__Action item__
The entries are to be reproduced verbatim, with all pictures omitted.

※

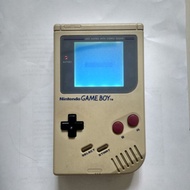 Nitendo Gameboy DMG 01 Original Casing MOD Screen Backlight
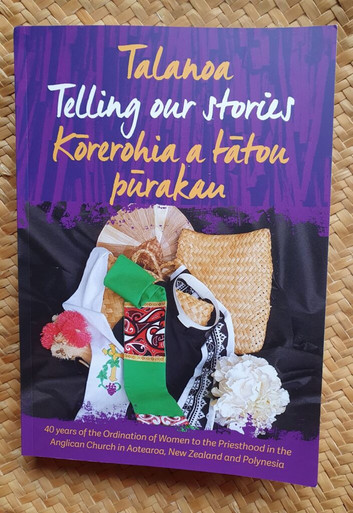 Cover of Talahoa - Telling Our Stories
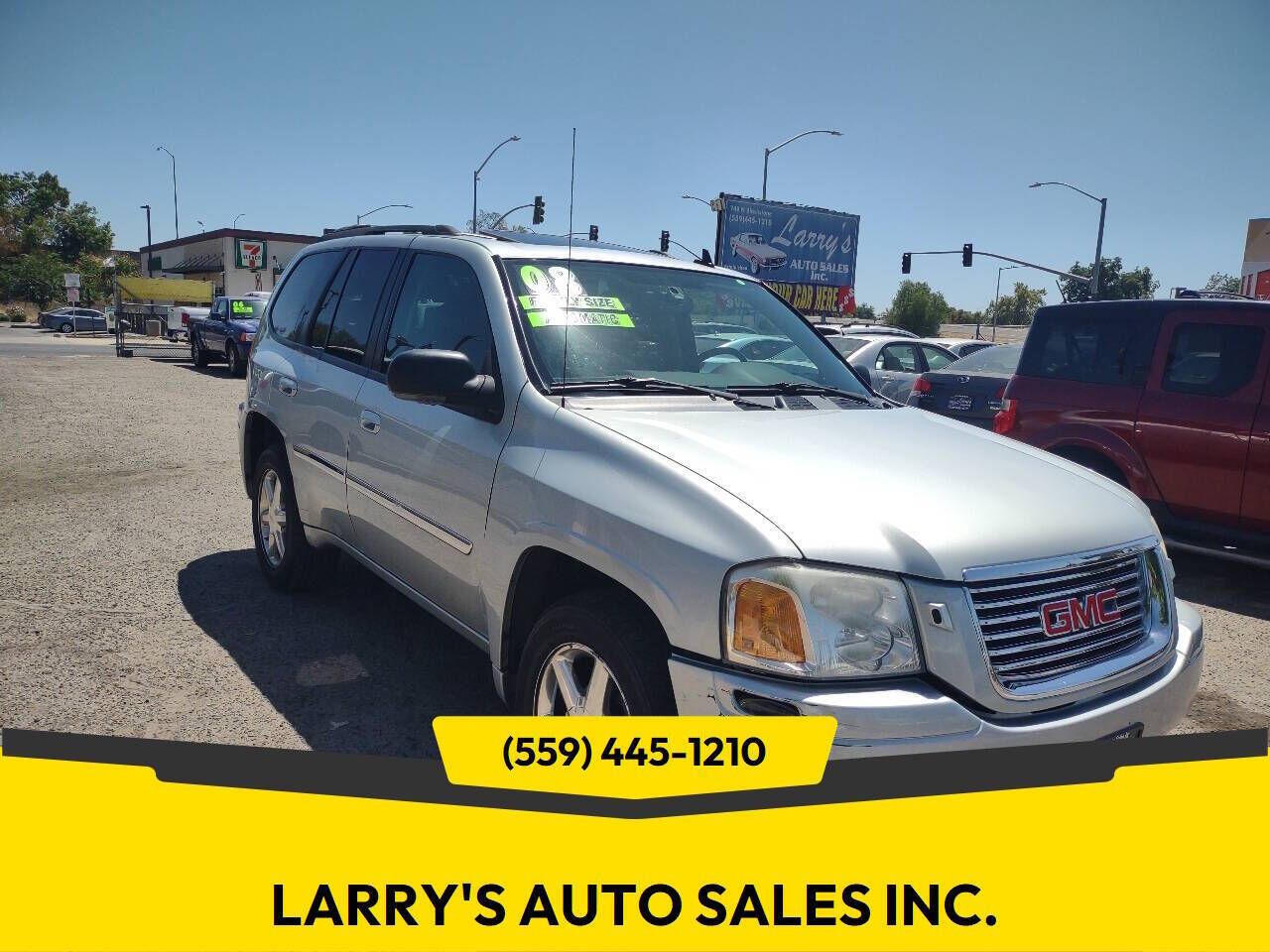 2008 GMC Envoy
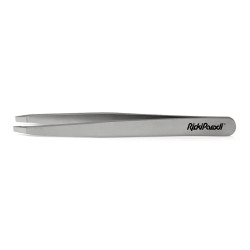 Pinça Recta Rickiparodi Inox 9 cm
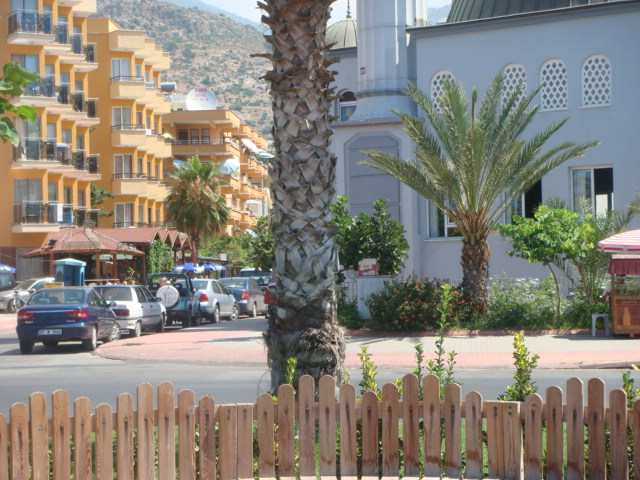 Kleopatra İkiz Otel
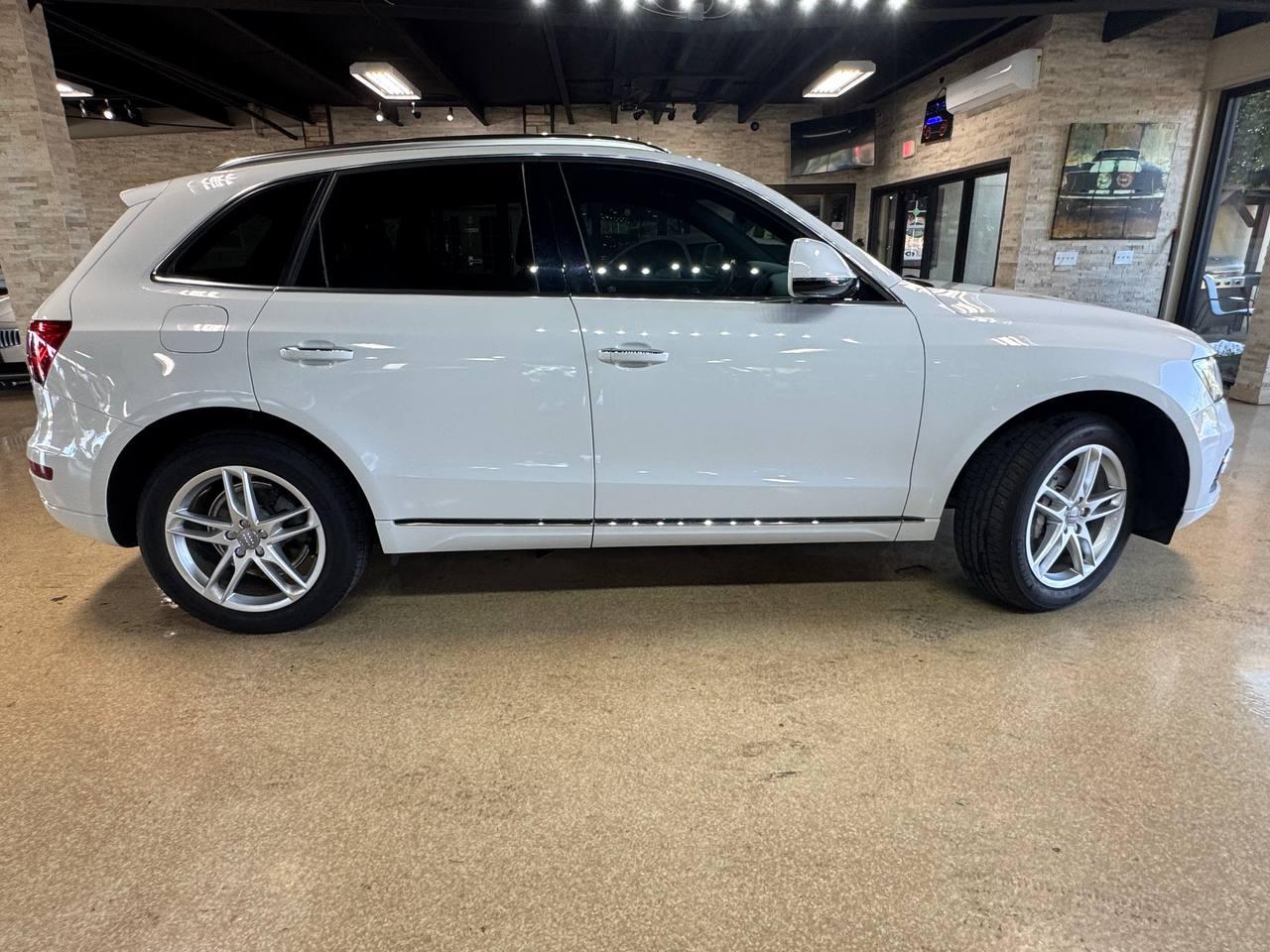 Audi Q5 quattro 4dr 2.0T Premium Plus 2015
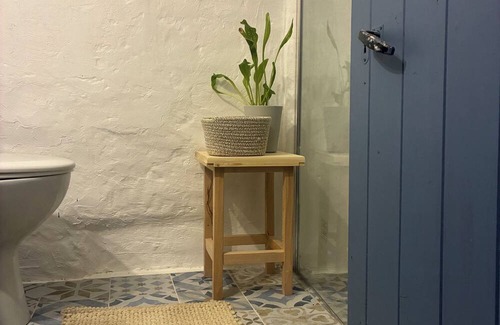 Santa Maria al Bagno House | A unique experience. Salento pajara with a sea view over the bay of Gallipoli
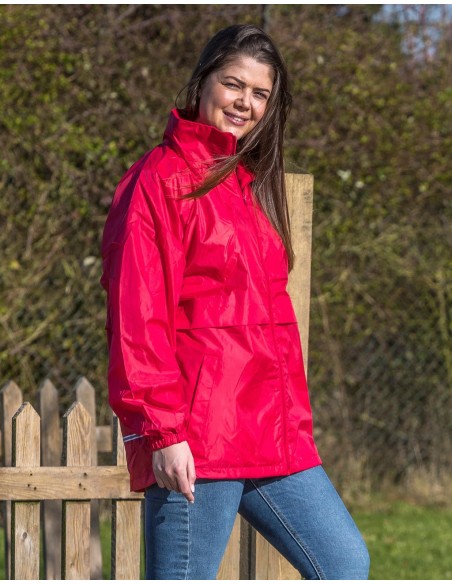 Microfleece Lined Jacket6
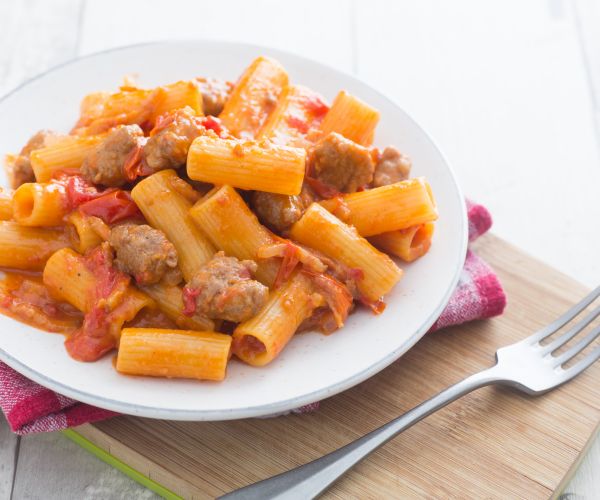 Pasta a la zozzona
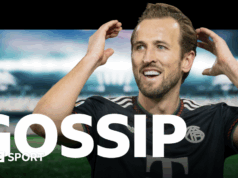 Futbalové klebety: Kane, Wharton, Maignan, Rodrygo, Mainoo, Endrick, Yildiz The sport section of the Telegraph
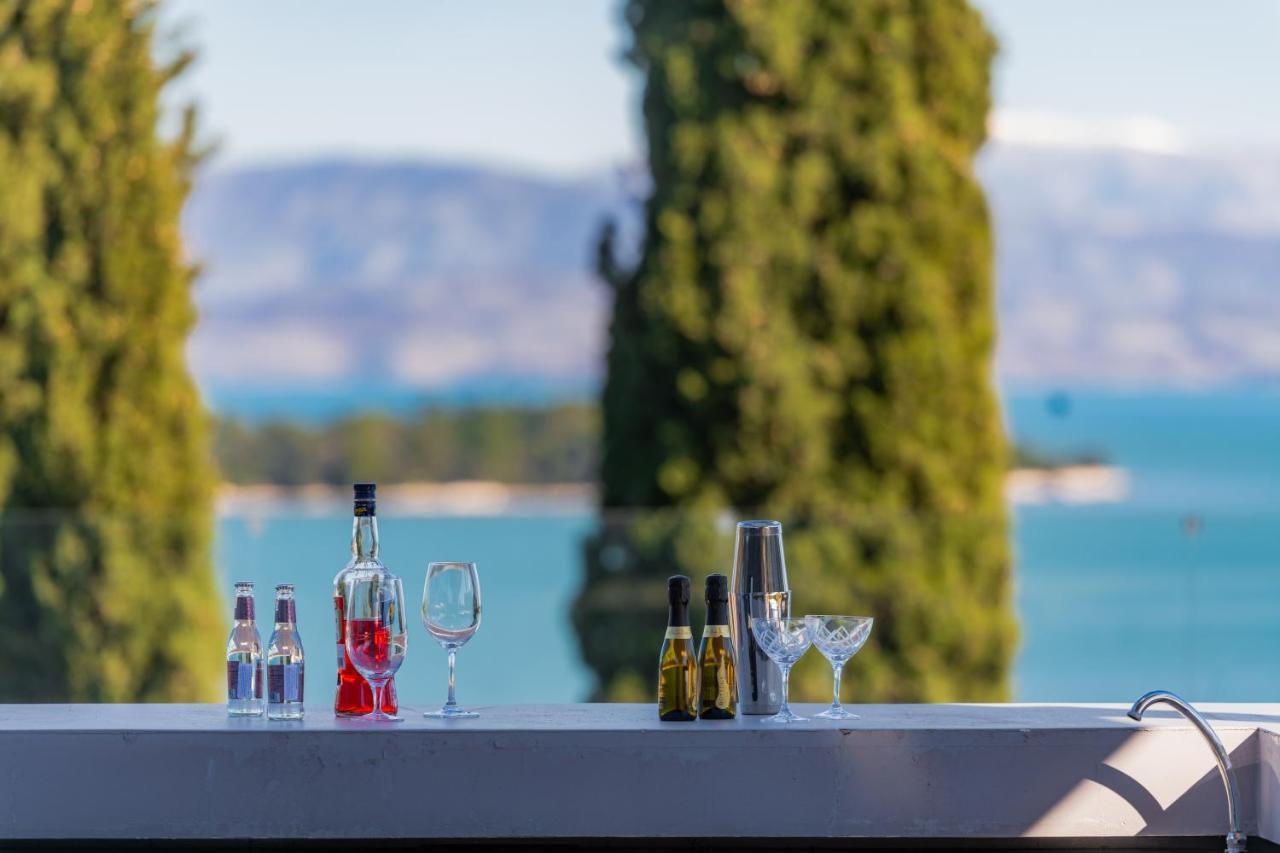 Villa Blueline Alykes Potamou エクステリア 写真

※

__Your response__
 Nitendo Gameboy DMG 01 Original Casing MOD Screen Backlight
 Cover of Talahoa - Telling Our Stories
 2008 GMC Envoy
 Pinça Recta Rickiparodi Inox 9 cm
 Kleopatra İkiz Otel
 Audi Q5 quattro 4dr 2.0T Premium Plus 2015
 Santa Maria al Bagno House | A unique experience. Salento pajara with a sea view over the bay of Gallipoli
 Microfleece Lined Jacket6
 Pasta a la zozzona
 Futbalové klebety: Kane, Wharton, Maignan, Rodrygo, Mainoo, Endrick, Yildiz The sport section of the Telegraph
 Villa Blueline Alykes Potamou エクステリア 写真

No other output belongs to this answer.